The cover blurb tells us this is “an intensely memorable and provocative literary read unlike any high-concept thriller you’ve read before”.
Harry Oppenheimer – Diamonds, gold and dynasty Michael Cardo (Jonathan Ball Publishers)
With the Ruperts, was Harry Oppenheimer the representative of “white monopoly capital” par excellence, or were things a bit more nuanced?
In a thoughtful introduction to his biography, DA MP Michael Cardo, shadow minister of employment and labour, says what struck him forcefully during his research was how, in the 1950s, “nationalists of another stripe had focused their ire on the Oppenheimer family”.
He is of course referring to the Nationalists of 1948 and later, when Harry Oppenheimer became an MP for the United Party. “He represented an existential threat to Afrikanerdom: he embodied everything its leaders dreaded and detested.”
Oppenheimer (1908-2000), writes Cardo, was in many ways ahead of his times, in others he was a product of his era. He bankrolled the Progressive Party for decades, yet supported a qualified franchise until 1978.
And Cardo adds: “And even though Oppenheimer was an enlightened capitalist, certainly by the standards of his peers, on his mines the conditions above and below ground contributed to generations of black hardship.”
He was never any more than an accidental tourist down his own mines, remarking once to a journalist: “It’s quite amusing but I wouldn’t like to work there.”
Well no. And yet he was a brilliant entrepreneur and Anglo-American came to dominate the SA economy, “a $15 billion empire on which the sun never set”.
Cardo adds: “…his legacy is multifaceted, and he deserves neither obloquy nor hagiography”.
This One Thing: Journeying with Tutu, by Dan Vaughan (Sunlit)
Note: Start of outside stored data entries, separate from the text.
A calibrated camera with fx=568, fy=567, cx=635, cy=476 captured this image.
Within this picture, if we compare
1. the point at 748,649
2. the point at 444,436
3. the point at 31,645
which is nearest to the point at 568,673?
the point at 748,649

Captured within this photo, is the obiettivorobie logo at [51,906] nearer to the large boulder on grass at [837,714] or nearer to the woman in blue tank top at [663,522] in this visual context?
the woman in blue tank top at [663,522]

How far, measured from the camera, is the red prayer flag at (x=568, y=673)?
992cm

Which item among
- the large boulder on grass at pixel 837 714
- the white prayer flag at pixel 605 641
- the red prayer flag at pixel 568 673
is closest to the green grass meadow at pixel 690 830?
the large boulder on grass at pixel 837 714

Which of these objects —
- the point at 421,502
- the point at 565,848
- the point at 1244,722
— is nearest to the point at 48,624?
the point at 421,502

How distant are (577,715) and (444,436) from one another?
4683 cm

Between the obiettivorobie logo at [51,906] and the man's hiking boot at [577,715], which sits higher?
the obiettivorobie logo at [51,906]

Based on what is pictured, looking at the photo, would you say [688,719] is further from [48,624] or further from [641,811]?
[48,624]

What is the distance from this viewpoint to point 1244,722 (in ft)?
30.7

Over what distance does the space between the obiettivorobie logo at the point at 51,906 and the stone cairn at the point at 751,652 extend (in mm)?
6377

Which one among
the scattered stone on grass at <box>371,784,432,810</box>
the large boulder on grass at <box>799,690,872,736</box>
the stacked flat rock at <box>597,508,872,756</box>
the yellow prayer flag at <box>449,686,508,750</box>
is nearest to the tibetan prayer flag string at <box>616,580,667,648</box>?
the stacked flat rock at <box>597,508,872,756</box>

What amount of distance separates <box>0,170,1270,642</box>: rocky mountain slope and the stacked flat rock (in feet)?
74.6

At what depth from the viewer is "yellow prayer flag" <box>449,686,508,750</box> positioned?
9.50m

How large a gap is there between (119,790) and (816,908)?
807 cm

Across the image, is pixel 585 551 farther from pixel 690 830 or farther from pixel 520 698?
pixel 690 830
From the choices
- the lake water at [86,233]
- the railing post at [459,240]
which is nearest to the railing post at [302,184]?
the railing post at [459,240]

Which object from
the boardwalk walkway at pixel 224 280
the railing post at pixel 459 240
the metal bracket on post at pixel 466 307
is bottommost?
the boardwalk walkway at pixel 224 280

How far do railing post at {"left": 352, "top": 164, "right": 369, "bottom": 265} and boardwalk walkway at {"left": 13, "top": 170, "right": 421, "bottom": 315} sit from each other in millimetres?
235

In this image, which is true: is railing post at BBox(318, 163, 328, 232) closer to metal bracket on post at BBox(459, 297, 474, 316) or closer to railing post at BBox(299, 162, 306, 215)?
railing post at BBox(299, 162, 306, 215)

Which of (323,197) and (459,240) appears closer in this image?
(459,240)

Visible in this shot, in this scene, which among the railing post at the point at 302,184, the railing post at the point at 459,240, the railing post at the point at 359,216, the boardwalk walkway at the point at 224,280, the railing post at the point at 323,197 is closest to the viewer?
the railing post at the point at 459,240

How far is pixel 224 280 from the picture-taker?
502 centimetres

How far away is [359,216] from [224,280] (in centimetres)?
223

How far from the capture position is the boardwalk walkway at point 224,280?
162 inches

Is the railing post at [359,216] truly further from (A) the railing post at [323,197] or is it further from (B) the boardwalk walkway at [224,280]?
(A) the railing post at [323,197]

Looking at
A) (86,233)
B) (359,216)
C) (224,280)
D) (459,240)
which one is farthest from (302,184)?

Most of us remember Archbishop Emeritus Desmond Tutu with fondness and respect. He could be hilarious, he could be fearless and brave in defying the powerful of the day as well as murderous mobs.
But this is a memoir of a time before he became internationally famous, a time when he was head of the SA Council of Churches, when his path crossed with that of one Dan Vaughan, who became his deputy.
Vaughan was a young white man in 1948, the year the Nationalist Party came to power. He worked in an office in Cape Town, and life moved in a pleasant routine, he writes. Yes, there was an increasingly draconian crackdown on black people, but it didn’t really affect him. That was the way things were.
And then Vaughan felt drawn to being a missionary, spending time in what was then Rhodesia, and for the first time in his life felt he was “seeing, tasting and feeling Africa and its people”.
Later he began working for the SACC, not long before Tutu arrived. Eventually he became the cleric’s righthand man, travelling with him as Tutu confronted the apartheid government – a stance that eventually won him the Nobel Peace Prize – and bore witness around the world.
I asked a friend, who worked closely with Tutu in the archbishop years, what he thought about This One Thing, and he said: “Its strength and uniqueness is that it’s the story of the conversion of a white conservative to the cause of liberation on religious grounds… Vaughan is a sweet man of great personal integrity.”
The Scholarship Kids – a memoir by Robert Gentle (Melinda Ferguson Books)
Robert Gentle and his twin brother Michael were small coloured boys living in Wynberg in Cape Town, just below the railway line, on literally the wrong side of the tracks.
Sometimes the family went to Cape Town harbour to watch ocean liners head to Europe. But the event that turned their lives around was the day the boys’ dad took them to the airport to see one of SAA’s newly acquired Boeing 707s.
“The sight of that plane triggered something in both Michael and me: a love of aircraft that would give our lives purpose and direction… A dream was born that day. Time would give it wings.”
But how were two young coloured boys in apartheid SA going to achieve their dream? This memoir tells their story.